Was management worried about legal liability? As discussed above, the legal risk is arguable.
Was management fearful of economic consequences in the form of criminal penalties or a civil damage suit and the legal costs associated with them? If I understand the statute correctly, the victim of an illegally recorded call can be awarded no more than $1,000 in compensation. Given that the victim is dead and that he and his estate suffered no evident damage as a result of the taping incident, the risk of a viable lawsuit seems limited.
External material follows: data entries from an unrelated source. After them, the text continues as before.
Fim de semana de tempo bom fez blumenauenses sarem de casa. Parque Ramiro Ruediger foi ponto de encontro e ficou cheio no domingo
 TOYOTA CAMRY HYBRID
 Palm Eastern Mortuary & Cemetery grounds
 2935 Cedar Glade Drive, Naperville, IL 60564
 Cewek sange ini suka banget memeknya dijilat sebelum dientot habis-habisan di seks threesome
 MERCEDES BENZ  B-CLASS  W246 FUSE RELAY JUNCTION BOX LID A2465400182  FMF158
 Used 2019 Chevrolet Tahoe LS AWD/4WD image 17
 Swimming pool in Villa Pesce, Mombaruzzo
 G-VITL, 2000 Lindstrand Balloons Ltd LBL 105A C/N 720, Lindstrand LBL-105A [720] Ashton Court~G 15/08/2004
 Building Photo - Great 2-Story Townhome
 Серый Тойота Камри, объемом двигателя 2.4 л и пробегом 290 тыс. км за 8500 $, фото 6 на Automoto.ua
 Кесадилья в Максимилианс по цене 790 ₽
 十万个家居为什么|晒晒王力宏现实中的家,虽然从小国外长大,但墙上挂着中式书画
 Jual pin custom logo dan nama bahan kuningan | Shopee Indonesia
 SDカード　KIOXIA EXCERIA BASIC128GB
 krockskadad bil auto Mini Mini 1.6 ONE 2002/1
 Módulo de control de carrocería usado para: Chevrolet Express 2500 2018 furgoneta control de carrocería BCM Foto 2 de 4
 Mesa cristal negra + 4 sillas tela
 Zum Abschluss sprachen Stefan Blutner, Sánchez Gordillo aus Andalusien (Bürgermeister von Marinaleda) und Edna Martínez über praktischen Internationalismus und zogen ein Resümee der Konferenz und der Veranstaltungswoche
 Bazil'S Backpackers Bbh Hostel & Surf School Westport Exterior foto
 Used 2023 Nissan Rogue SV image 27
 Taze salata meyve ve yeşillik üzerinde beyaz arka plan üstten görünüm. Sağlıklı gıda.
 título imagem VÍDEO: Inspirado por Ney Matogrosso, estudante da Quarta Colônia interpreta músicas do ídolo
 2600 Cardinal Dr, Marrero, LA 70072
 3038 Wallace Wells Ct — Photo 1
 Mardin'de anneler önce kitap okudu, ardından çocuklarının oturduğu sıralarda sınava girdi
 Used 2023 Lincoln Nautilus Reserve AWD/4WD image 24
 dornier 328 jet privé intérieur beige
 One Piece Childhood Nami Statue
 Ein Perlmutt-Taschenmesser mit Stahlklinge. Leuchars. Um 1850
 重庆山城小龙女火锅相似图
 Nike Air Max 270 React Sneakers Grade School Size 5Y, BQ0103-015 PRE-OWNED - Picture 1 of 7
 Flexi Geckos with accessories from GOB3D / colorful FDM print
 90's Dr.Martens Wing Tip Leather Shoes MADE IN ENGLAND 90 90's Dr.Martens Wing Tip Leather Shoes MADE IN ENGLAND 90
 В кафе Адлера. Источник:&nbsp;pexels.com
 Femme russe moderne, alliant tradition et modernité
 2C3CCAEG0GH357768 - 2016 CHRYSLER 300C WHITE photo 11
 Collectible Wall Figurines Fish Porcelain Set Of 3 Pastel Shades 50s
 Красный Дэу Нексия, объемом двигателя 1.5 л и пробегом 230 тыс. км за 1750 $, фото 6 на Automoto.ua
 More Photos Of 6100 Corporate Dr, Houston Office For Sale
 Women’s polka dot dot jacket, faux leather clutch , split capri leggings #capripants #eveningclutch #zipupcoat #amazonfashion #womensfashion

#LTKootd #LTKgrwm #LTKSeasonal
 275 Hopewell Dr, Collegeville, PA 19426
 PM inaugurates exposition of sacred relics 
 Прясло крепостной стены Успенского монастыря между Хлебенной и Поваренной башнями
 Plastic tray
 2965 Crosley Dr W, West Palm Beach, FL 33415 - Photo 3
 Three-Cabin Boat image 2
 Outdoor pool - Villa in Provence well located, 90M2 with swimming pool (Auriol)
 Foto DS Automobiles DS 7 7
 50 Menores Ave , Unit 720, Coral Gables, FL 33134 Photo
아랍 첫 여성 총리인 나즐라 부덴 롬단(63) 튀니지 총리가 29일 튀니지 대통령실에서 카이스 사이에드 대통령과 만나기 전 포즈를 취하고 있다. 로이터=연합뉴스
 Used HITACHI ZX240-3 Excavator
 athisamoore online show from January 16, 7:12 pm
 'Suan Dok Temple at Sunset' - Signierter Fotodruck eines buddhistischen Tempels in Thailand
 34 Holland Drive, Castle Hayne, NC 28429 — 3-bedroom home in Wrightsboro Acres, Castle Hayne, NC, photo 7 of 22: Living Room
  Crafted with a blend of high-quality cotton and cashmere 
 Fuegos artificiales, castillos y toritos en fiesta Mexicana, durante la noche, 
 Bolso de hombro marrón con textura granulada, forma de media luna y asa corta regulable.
An amount equal or greater to the legal fees saved by rapidly firing Mr. DeFede probably will be expended to defend the Herald against any wrongful-termination lawsuit the columnist might be motivated to file.
Was management worried about bad publicity? What could be worse than this?
In its haste to jettison Mr. DeFede, the Herald has eroded significantly the bond of trust and loyalty with its employees that makes any business effective, be it a major metropolitan newspaper or a hamburger stand.
Loss of confidence in the employer is particularly corrosive in the newsroom, where a cautious and cowed staff is antithetical to the conditions required to put out a compelling product that serves its community and remains economically vibrant.
The management of the Herald didn’t do itself much good in dispatching Mr. DeFede with such dispatch. And it didn’t do right by him, either.